++++ Information

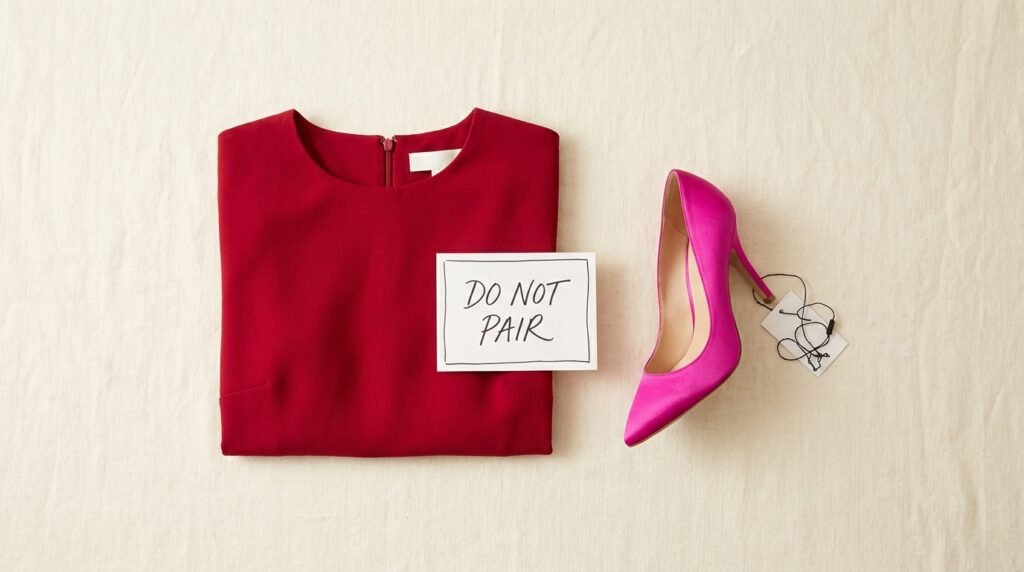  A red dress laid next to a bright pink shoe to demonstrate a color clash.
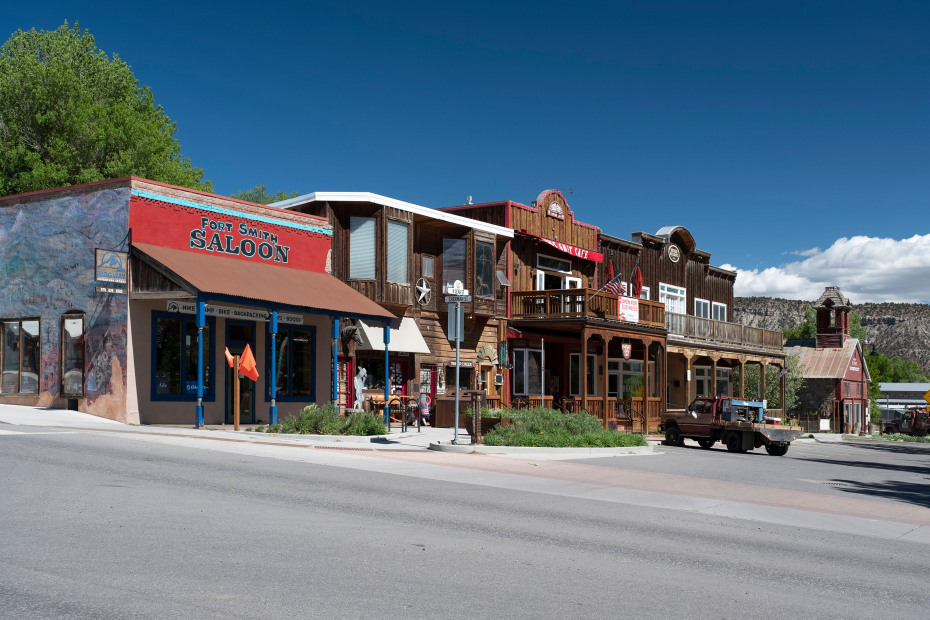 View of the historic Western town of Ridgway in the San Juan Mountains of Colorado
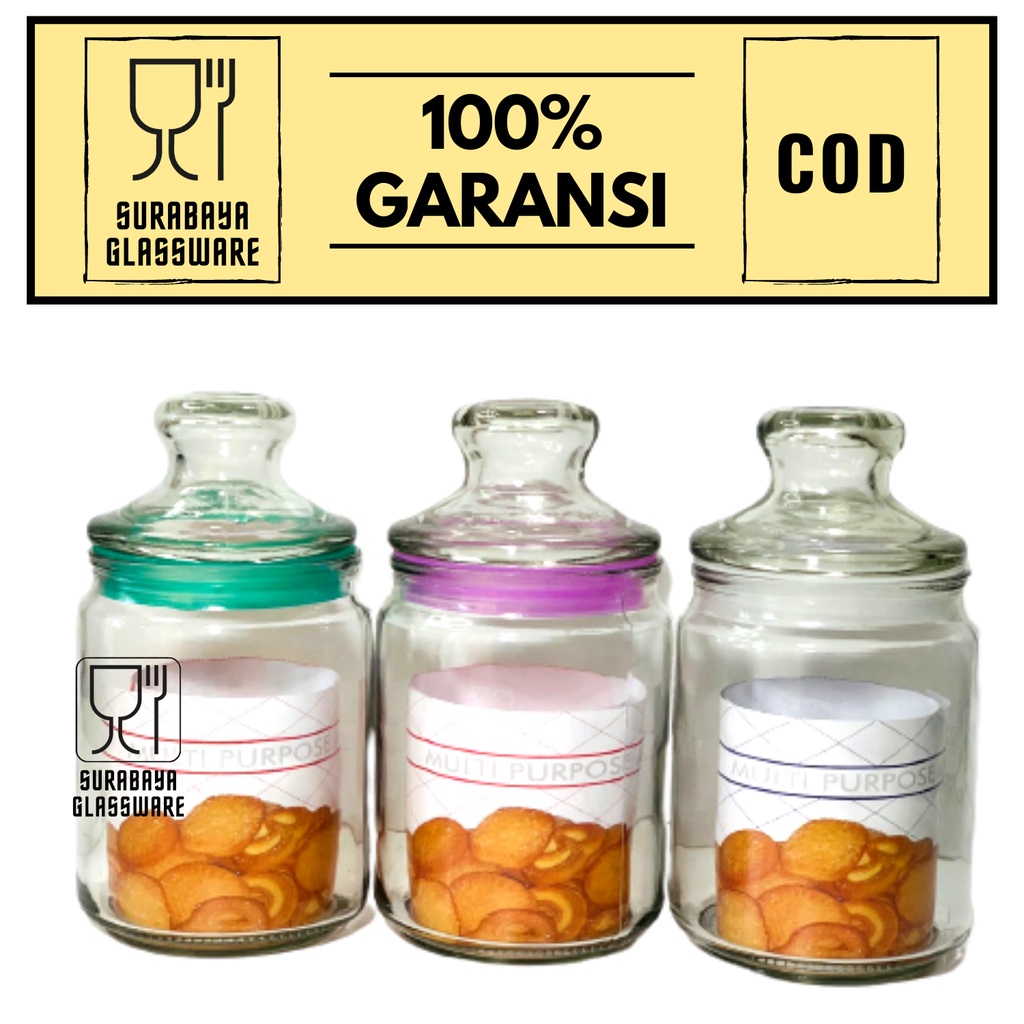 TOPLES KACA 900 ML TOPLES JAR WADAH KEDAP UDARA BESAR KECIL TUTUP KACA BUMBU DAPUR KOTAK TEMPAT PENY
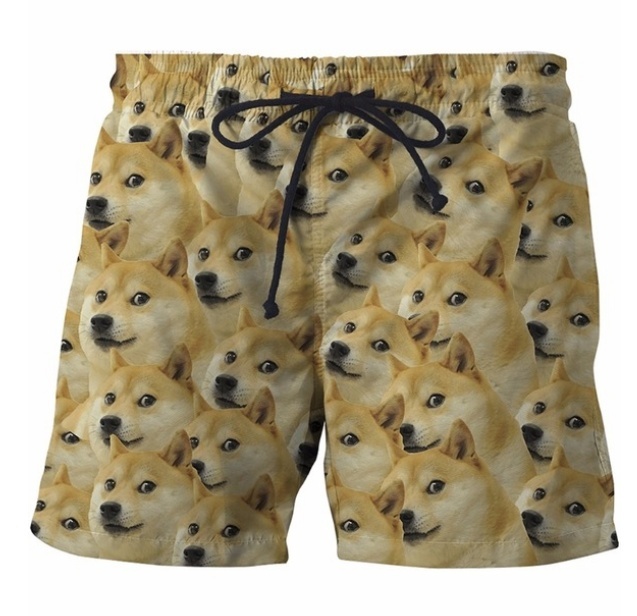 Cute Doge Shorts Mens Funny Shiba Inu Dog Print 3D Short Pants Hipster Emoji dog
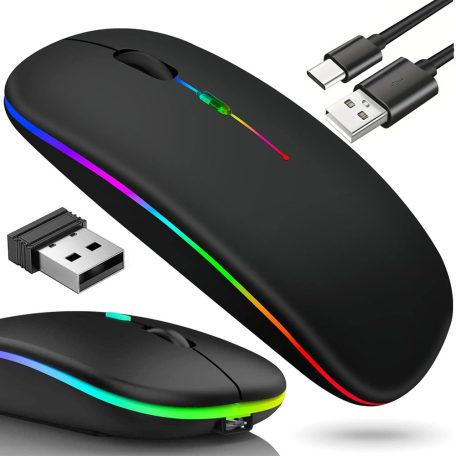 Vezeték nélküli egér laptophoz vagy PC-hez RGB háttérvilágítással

++++++++

### Assignment
Word for word, reproduce all of the data, but keep out the pictures.

### Solution
  A red dress laid next to a bright pink shoe to demonstrate a color clash.
 View of the historic Western town of Ridgway in the San Juan Mountains of Colorado
 TOPLES KACA 900 ML TOPLES JAR WADAH KEDAP UDARA BESAR KECIL TUTUP KACA BUMBU DAPUR KOTAK TEMPAT PENY
 Cute Doge Shorts Mens Funny Shiba Inu Dog Print 3D Short Pants Hipster Emoji dog
 Vezeték nélküli egér laptophoz vagy PC-hez RGB háttérvilágítással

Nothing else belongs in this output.